Sheila now uses a PEMF machine a few times a week. During treatments, you’ll find her stretched out on a PEMF bed, with two paddles placed on or around her pelvis. She says that while the hour-long treatments aren’t painful, you can feel muscles contract and release, along with a tingling sensation. PEMF is not the only solution to her pain, but regular treatments give her great relief.
Everybody who becomes ill, myself included, wants the silver bullet,” Sheila says. “Give me the one hit wonder where I walk through the door and I walk out cured of all things. PEMF occasionally can change things for people very quickly, but generally, it’s a little bit of a commitment.”
Physical therapy also plays a critical role in easing her pelvic floor pain. During therapy sessions, patients like Sheila learn how to do everything from pelvic floor muscle releases and breathing exercises to core and gluteal exercises that help stabilize the pelvic structure.
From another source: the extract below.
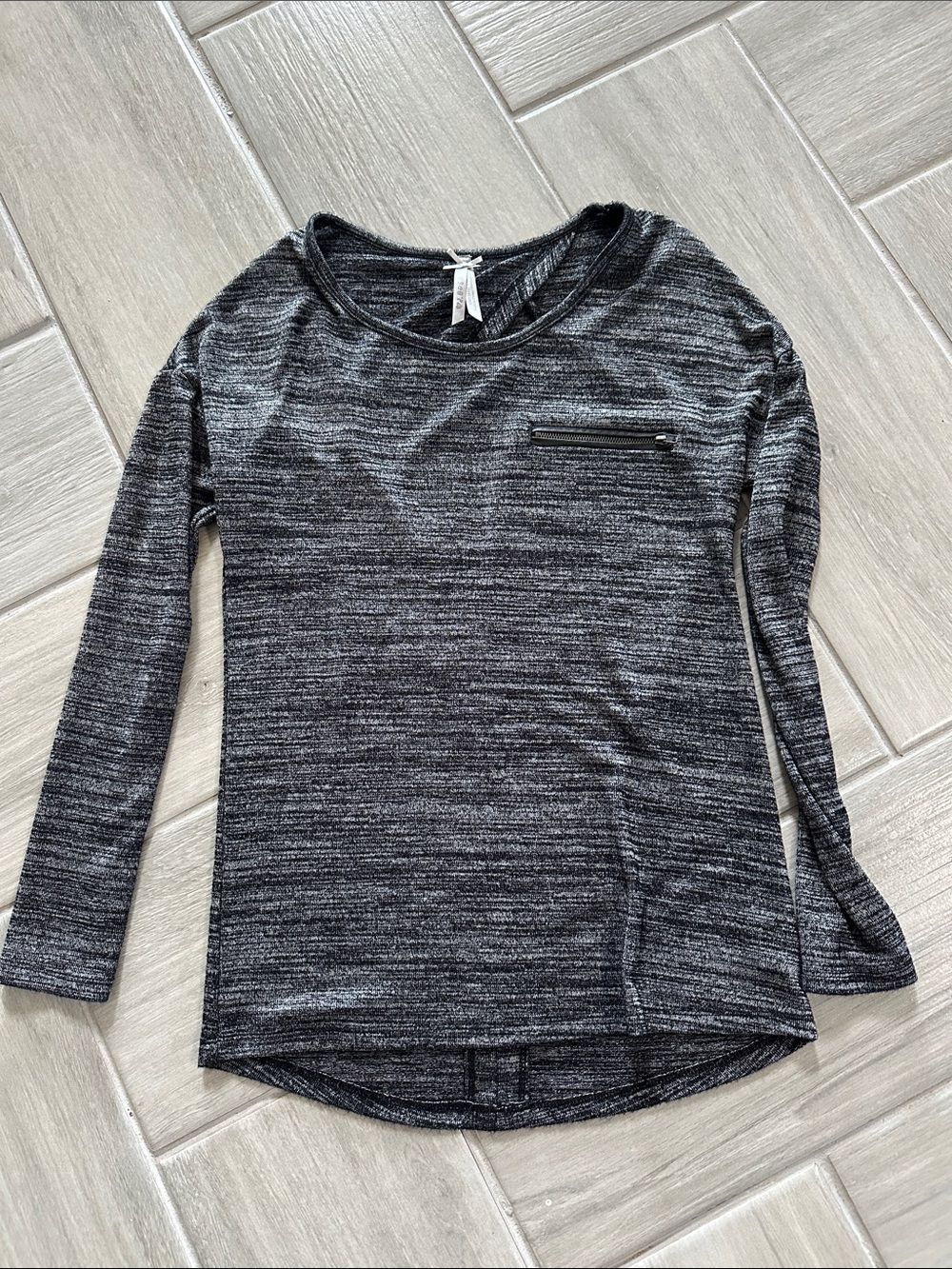 Women's Black Marled Long-Sleeve Top w/Zip Pocket and slit opening in the Back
“I think our healing is so multifaceted,” says Bri. "I’m always referring people to counselors, to doulas, to massage therapists, to chiropractors. I believe everyone should have a multidisciplinary approach.”
Bri says it’s very rewarding to help patients move past their pain.
“When a patient comes in and says, ‘Oh my gosh, you saved my marriage. I’m having pain free sex,’ or ‘I can finish a shopping trip with my kids and I don’t have to run to the bathroom in the middle of the grocery store,’ it’s wonderful.”
After years of living in pain, Sheila’s current treatment plan gives her new hope. She believes so much in PEMF that late in 2021, she bought Live Better, Feel Better, the Billings business where she underwent treatments. Now, she’s on a mission to help others ease pain and regain their quality of life. She also no longer has trouble talking about this traditionally taboo topic.
“A lot of times I’ve pulled back in life, so I now delight in the opportunity to put this story out there,” Sheila says. “I hope it helps women and men go get treatment.”